Pmo2020 K.kouoh 2 1200px (c) Mehdi Benkler, Bak
Photo by Mehdi Benkler

Ntone Edjabe, founder of Chimurenga, first began corresponding with Kouoh in the late Nineties, as both were building new institutions — Chimurenga in Cape Town and, eventually, RAW in Dakar. Their friendship was born of that early solidarity and nurtured over years of collaboration.

When Edjabe visited Dakar in 2004, Kouoh became his guide to the city and its cultural topography. “She introduced the city to me,” he recalled. “I fell in love with it by seeing it through her eyes.”

Their shared interest in alternative education led to one of Kouoh’s most important initiatives: RAW Academy. Launched in the mid-2010s, the programme offered an experimental approach to artistic training and discourse on the continent.

Edjabe directed the second session of the academy, marking another moment in their long-standing creative dialogue. “It was a continuous exchange,” Edjabe said. “Even when we were not working on specific projects, we were imagining together.”
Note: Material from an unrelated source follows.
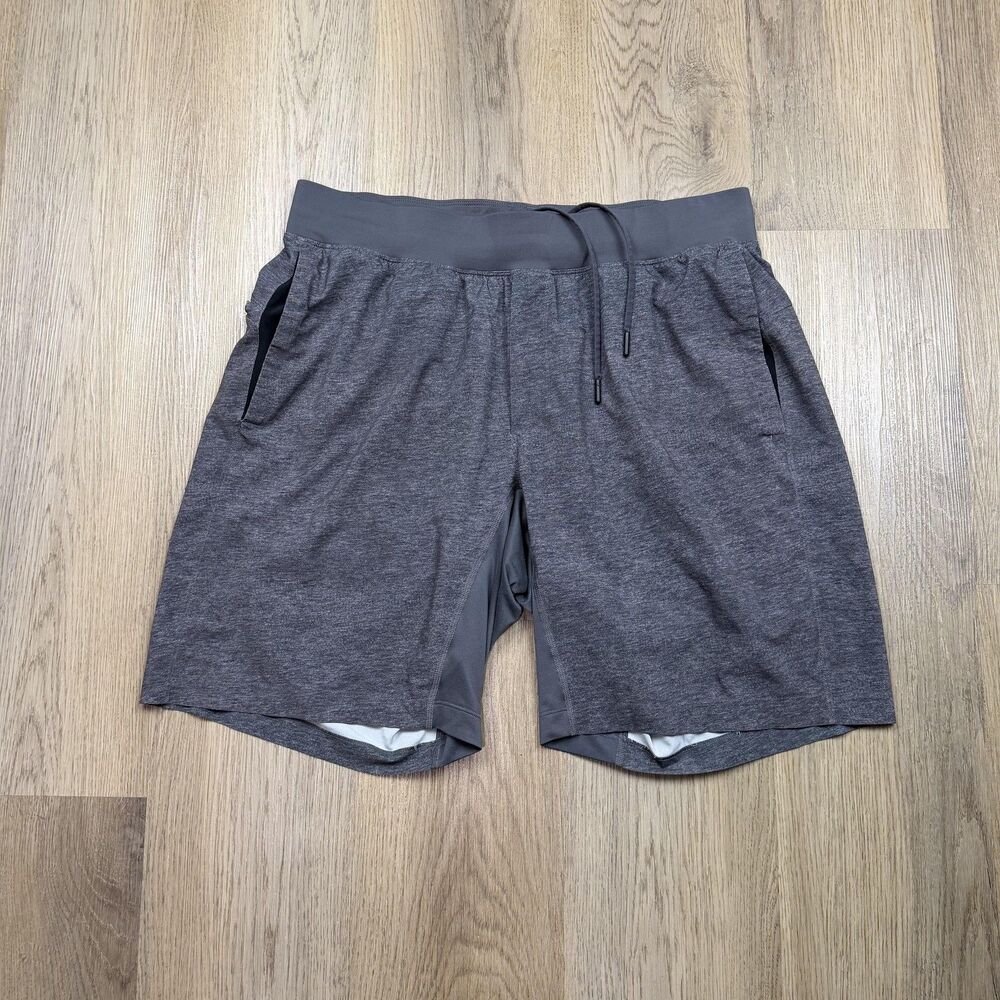 Lululemon Shorts Mens XL Gray Lined Running 9in Inseam Zip Pocket Athletic Gym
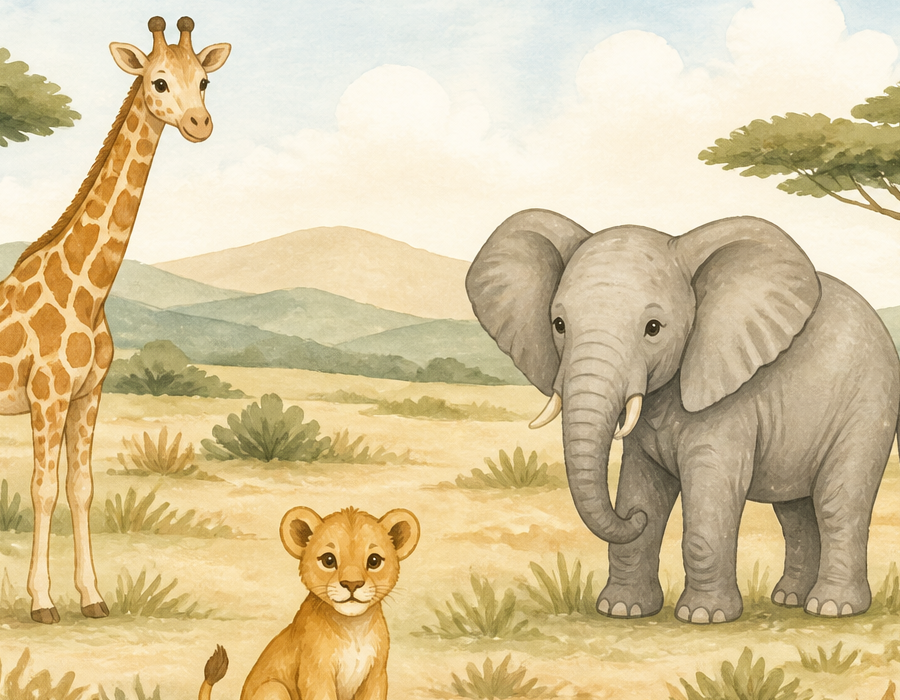 Neutral Safari Wallpaper Mural product view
Kouoh, he said, belonged to a rare cohort — figures like Enwezor and Silva — who expanded the intellectual and institutional horizons of African art. Their recent deaths, all in their fifties, has left a generation reeling. “Koyo was part of this group,” he said. “It’s only after the departure that we begin to estimate the impact.”

Her death from cancer is not only a personal loss for those who loved her, but a monumental one for the world of art. Kouoh’s legacy is one of expansion — of geography, of thought, of possibility. She opened doors and created rooms that hadn’t existed before. And while her journey has been cut short, the paths she carved remain wide and open for others to walk on.

As Bonaventure put it, “It’s a loss we cannot quantify.”